• **WHAT YOU SHOULD DO**: Find the line with "哈登精彩双撤步3加1后坐小范甘迪身旁畅谈篮球趣事" in the records below, then please transcribe it and every later line exactly, omitting the pictures and adding nothing.

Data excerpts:
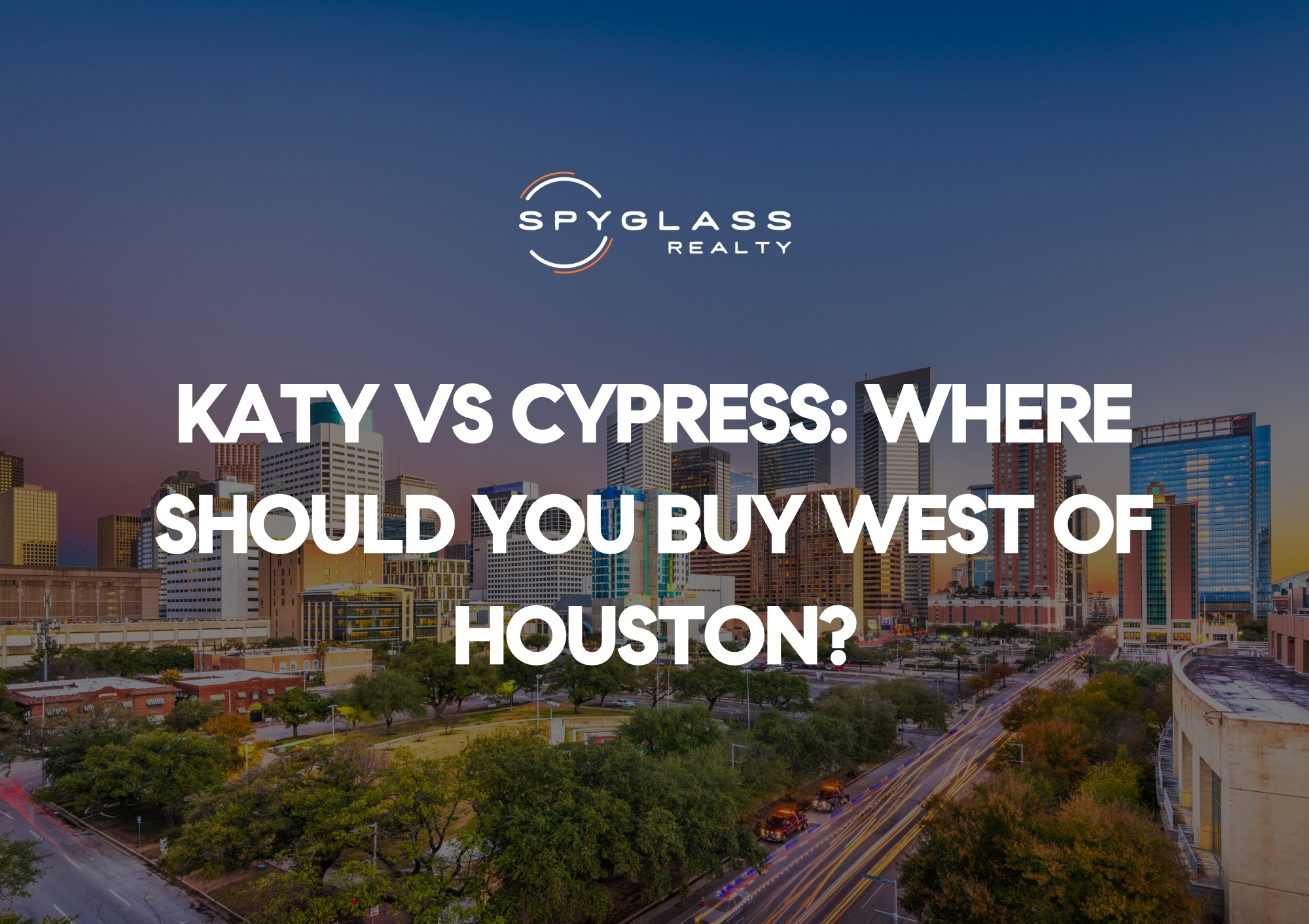 Katy vs Cypress: Where Should You Buy West of Houston?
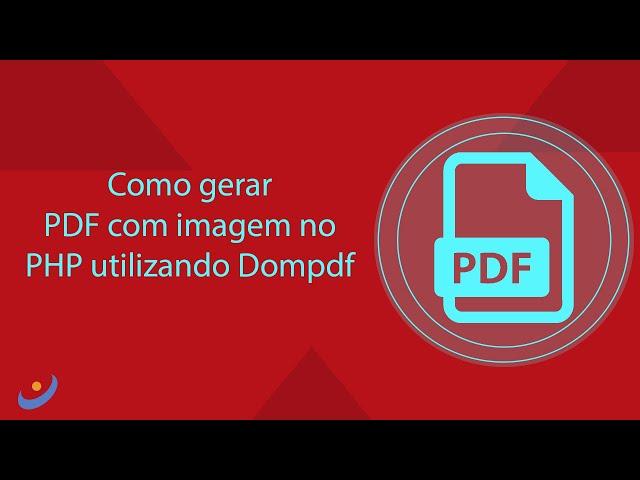 Como gerar PDF com imagem no PHP utilizando Dompdf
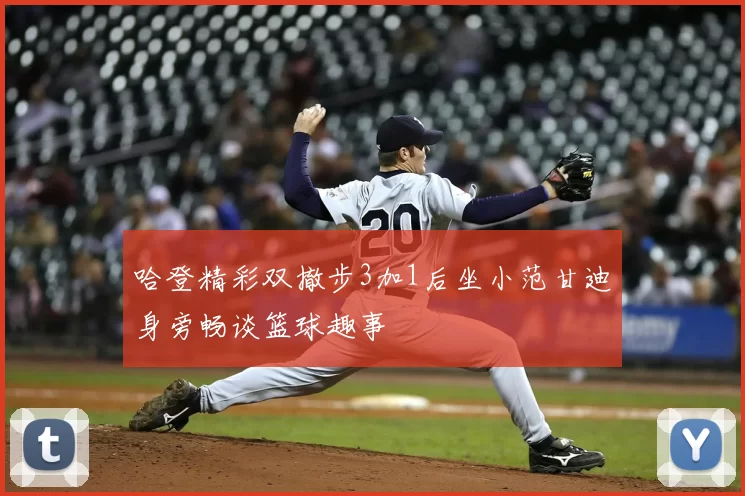 哈登精彩双撤步3加1后坐小范甘迪身旁畅谈篮球趣事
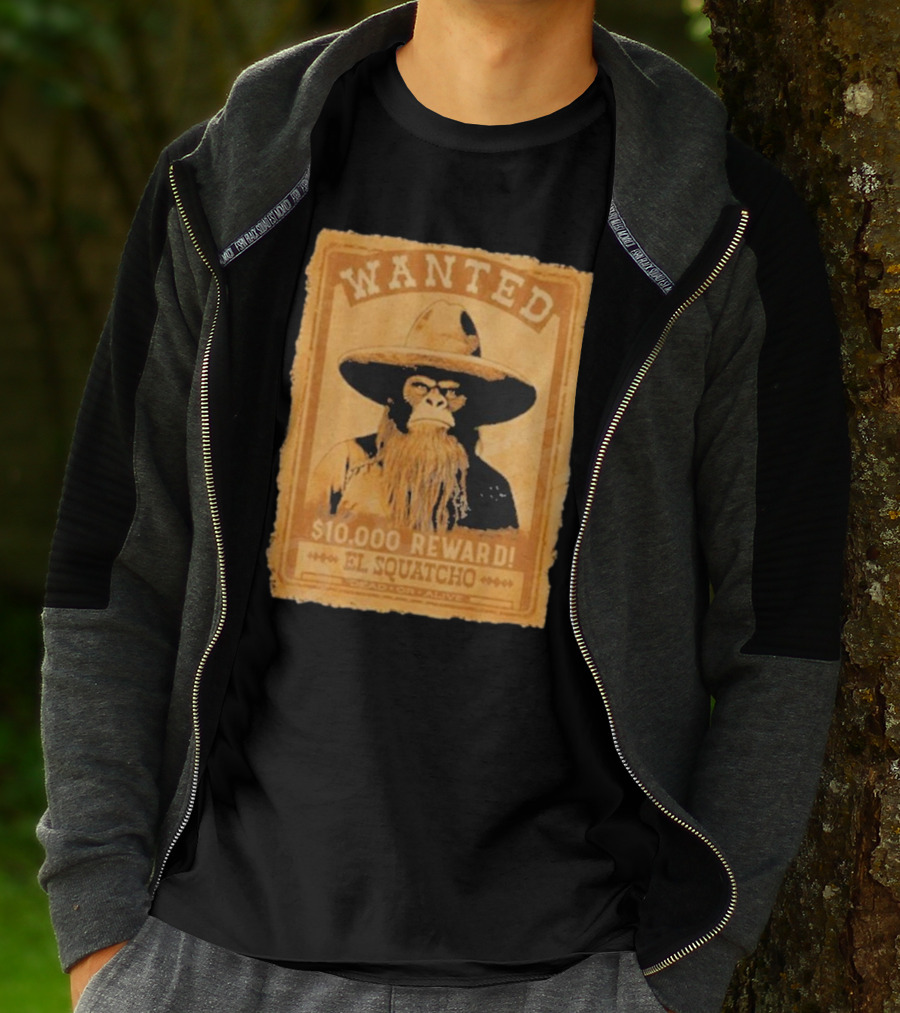 Wanted Bigfoot $10000 Reward El Squatcho T-Shirt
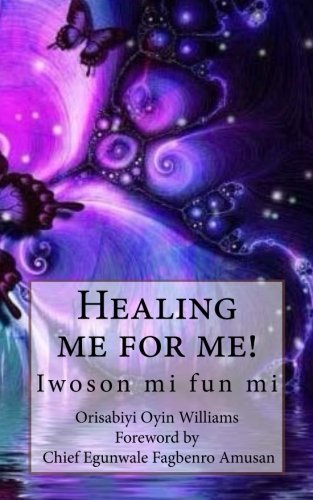 Healing Me For Me Ioson Mi Fun Mi [Paperback]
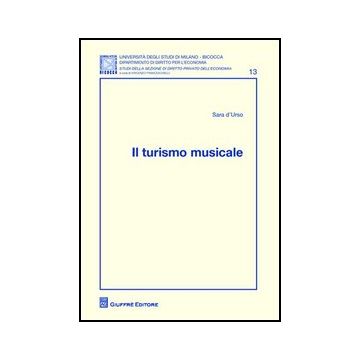 Il Turismo Musicale  - D'urso Sara - Giuffre' - 9788814153273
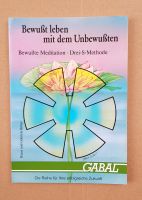 Birker: Bewusst leben mit dem Unbewussten: Bewusste Meditation Hessen - Wiesbaden Vorschau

• **PROBLEM SOLUTION**:
 哈登精彩双撤步3加1后坐小范甘迪身旁畅谈篮球趣事
 Wanted Bigfoot $10000 Reward El Squatcho T-Shirt
 Healing Me For Me Ioson Mi Fun Mi [Paperback]
 Il Turismo Musicale  - D'urso Sara - Giuffre' - 9788814153273
 Birker: Bewusst leben mit dem Unbewussten: Bewusste Meditation Hessen - Wiesbaden Vorschau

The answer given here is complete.